Curl - Starrocks — ContextQMD

StarRocks Stream Load and curl take many arguments. Only the ones used in this tutorial are described here, the rest will be linked to in the more information section.

`--location-trusted`

This configures curl to pass credentials to any redirected URLs.

`-u root`

The username used to log in to StarRocks

`-T filename`

T is for transfer, the filename to transfer.

`label:name-num`

The label to associate with this Stream Load job. The label must be unique, so if you run the job multiple times you can add a number and keep incrementing that.

`column_separator:,`

If you load a file that uses a single , then set it as shown above, if you use a different delimiter then set that delimiter here. Common choices are \t, ,, and |.

`skip_header:1`

Some CSV files have a single header row with all of the column names listed, and some add a second line with datatypes. Set skip_header to 1 or 2 if you have one or two header lines, and set it to 0 if you have none.

`enclose:\"`

It is common to enclose strings that contain embedded commas with double-quotes. The sample datasets used in this tutorial have geo locations that contain commas and so the enclose setting is set to \". Remember to escape the " with a \.

`max_filter_ratio:1`

This allows some errors in the data. Ideally this would be set to 0 and the job would fail with any errors. It is set to 1 to allow all rows to fail during debugging.

`columns:`

The mapping of CSV file columns to StarRocks table columns. You will notice that there are many more columns in the CSV files than columns in the table. Any columns that are not included in the table are skipped.

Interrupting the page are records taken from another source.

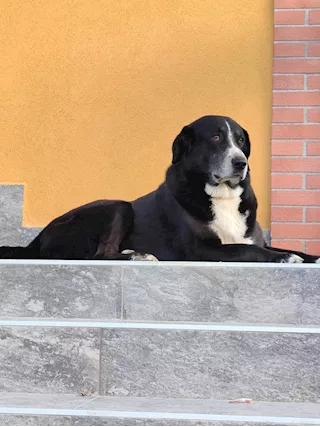 Foto - 10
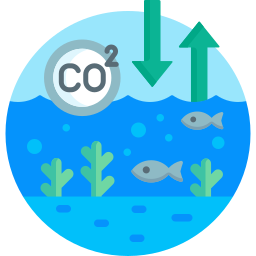 Ocean acidification icon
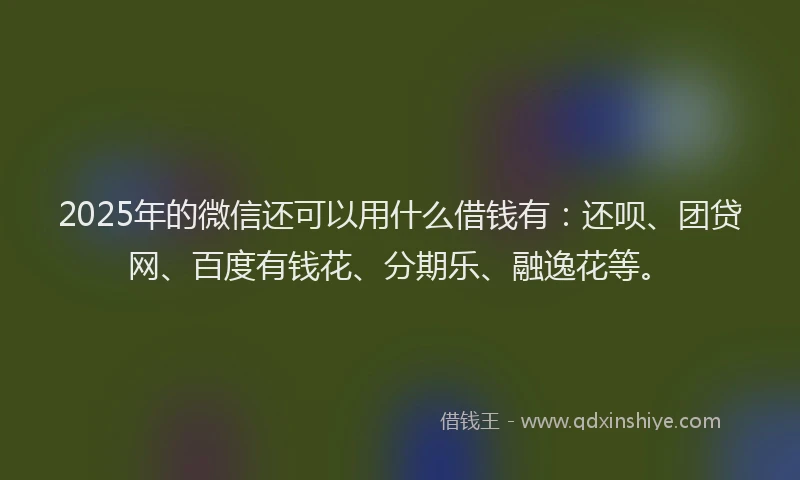 2025年的微信还可以用什么借钱有：还呗、团贷网、百度有钱花、分期乐、融逸花等。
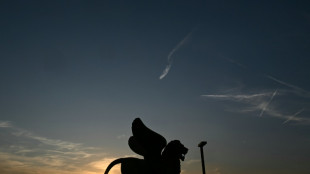 La mexicana Mayra Hermosillo retrata el matriarcado en el que creció con "Vainilla"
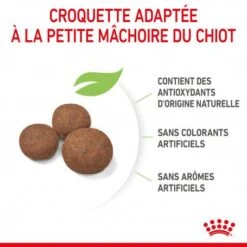 ROYAL CANIN Dog Puppy Medium -Magasins Sélectionnés De Fournitures Pour Animaux Et Chiens dog puppy medium 2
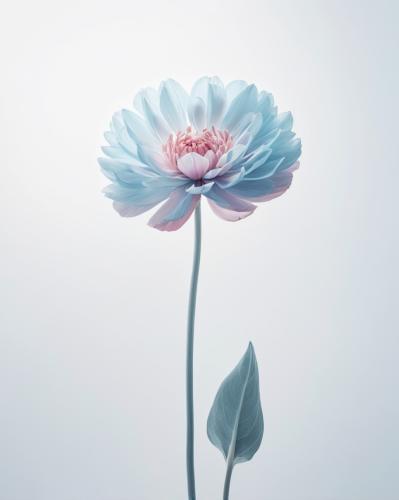 Blue flower with leaf.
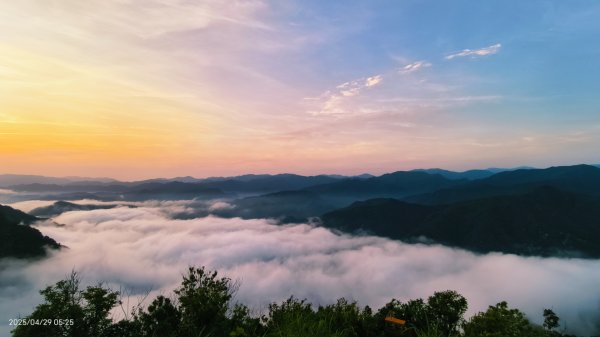 翡翠水庫壩頂 #火燒雲雲海 #日出雲海 #鱷魚島 #藍腹鷴 4/292772691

You will also notice that there is some transformation of data included in the columns: line for the crash dataset. It is very common to find dates and times in CSV files that do not conform to standards. This is the logic for converting the CSV data for the time and date of the crash to a DATETIME type:

The columns line

This is the beginning of one data record. The date is in MM/DD/YYYY format, and the time is HH:MI. Since DATETIME is generally YYYY-MM-DD HH:MI:SS we need to transform this data.

plaintext

08/05/2014,9:10,BRONX,10469,40.8733019,-73.8536375,"(40.8733019, -73.8536375)",

This is the beginning of the columns: parameter:

bash

-H "columns:tmp_CRASH_DATE, tmp_CRASH_TIME, CRASH_DATE=str_to_date(concat_ws(' ', tmp_CRASH_DATE, tmp_CRASH_TIME), '%m/%d/%Y %H:%i')

This instructs StarRocks to:

Assign the content of the first column of the CSV file to tmp_CRASH_DATE
Assign the content of the second column of the CSV file to tmp_CRASH_TIME
concat_ws() concatenates tmp_CRASH_DATE and tmp_CRASH_TIME together with a space between them
str_to_date() creates a DATETIME from the concatenated string
store the resulting DATETIME in the column CRASH_DATE